Monday, April 27, 2009

ArtsBuzz: James Taylor generates 'tremendous' interest for first SunFest gig

Veteran singer-songwriter James Taylor.

By Thom Smith

James Taylor is no stranger to Palm Beach County stages.

He’s played the Kravis Center and Cruzan Amphitheatre (it then had a different name). He’s played private parties at The Breakers and out west in Wellington.

So it’s hard to believe that never, not in its previous 27 incarnations, has he played SunFest. That will change when Sweet Baby James takes the stage at 8:45 p.m. Thursday to rockabye the crowd.

“He’s never been at SunFest, and the interest has been tremendous,” SunFest Marketing Director Melissa Sullivan said. “We couldn’t be more pleased.”

Especially in a year of tight money and reduced expectations.

For example, Washington Mutual, a SunFest mainstay for 11 years, is gone and with it a big chunk of the sponsor money, which is down 18 percent. But rather than cry the blues, SunFest went on a cost-cutting binge behind the scenes and opted for more pop out front. The art and craft show continues, as does Sunday’s monstrous fireworks display. The festival actually is boosting its music budget by nearly 10 percent.

The party begins Wednesday with New Music Night. 311 headlines on the pbpulse.com Stage at 9:30 p.m. while Mexican alternative band Kinky plays the Tire Kingdom Stage at 8. But the big buzz, along with Taylor, is reigning American Idol David Cook, who commands the 9:30 slot on the pbpulse.com Stage Saturday night, while reggae vets UB40 are on at 9 p.m. on the Tire Kingdom Stage.

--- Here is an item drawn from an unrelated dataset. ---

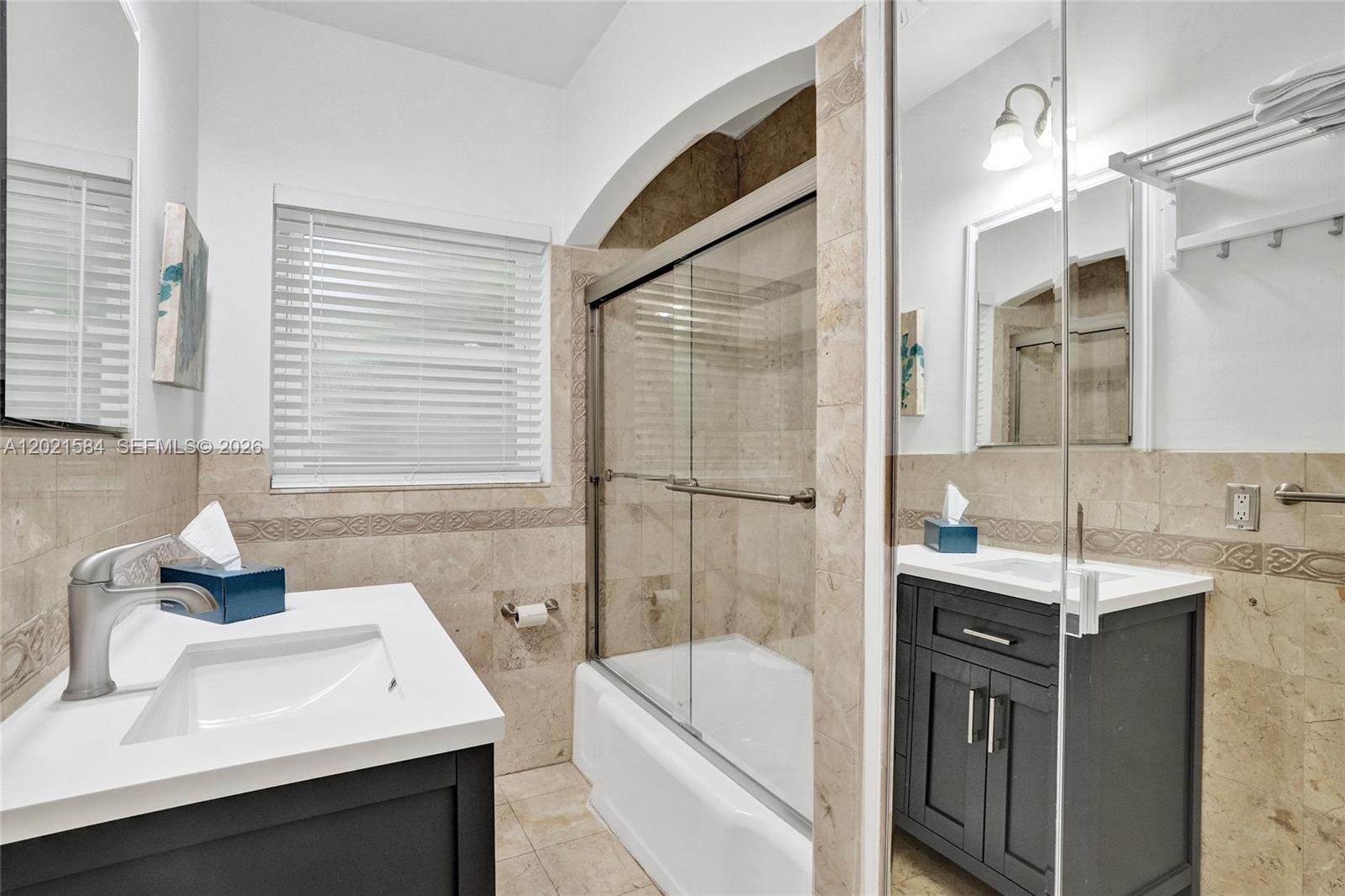 811 Northeast 73rd Street Miami, FL 33138 - Photo 33 of 51 a bathroom with a tub sink and mirror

Randy Bachman of the Guess Who and Bachman Turner Overdrive will crank out such classics as No Sugar Tonight and Let It Ride plus a new number or two from his upcoming album at the Tire King Stage Friday at 9:15. Reggae punkers Slightly Stoopid will be at the opposite end at 9:50.

Legends Steve Miller (7:30, pbpulse) and Bettye LaVette (7:45, Tire Kingdom) close out the party Sunday night.

Sprinkled among the national acts, as usual, are more than two dozen newcomers -- some local, some regional and some on the verge of breaking nationally. Many can be found at the Coors Light Stage in the Meyer Amphitheatre.

While Taylor is making his first appearance at SunFest, the action backstage features some familiar faces, back after a one-year hiatus. For 25 years, Jon Stoll’s Fantasma Productions, one of the nation’s last major independent promoters, procured the acts for SunFest and handled the music side of the festival.

After Stoll died suddenly last January, his widow sold Fantasma to Live Nation, the megapromoter whose buyout attempts Stoll had constantly rejected. With that sale, the bulk of Fantasma’s staff signed on with another big group, AEG Live, which books California’s Coachella Festival and the New Orleans Jazz and Heritage Festival, among many.

Fantasma had already booked the acts for SunFest 2008, but the backstage area was managed by Live Nation. In October, however, SunFest signed a new contract with AEG Live.

"We’re thrilled to be a part of the excitement of SunFest once again," AEG Vice President Jon Valentino said last fall. Valentino was Stoll’s right-hand man at Fantasma. "The waterfront of downtown West Palm Beach is one of the most beautiful festival sites in the country. SunFest has been an innovator in the festival world for decades and has continually raised the bar to create the ideal artist and fan experience."

“We’re glad to have them back,” SunFest’s Sullivan said. “They’re like part of the family.”

For a complete schedule, transportation options and ticket prices, go to www.sunfest.com.

Thom Smith is a freelance writer based in South Florida.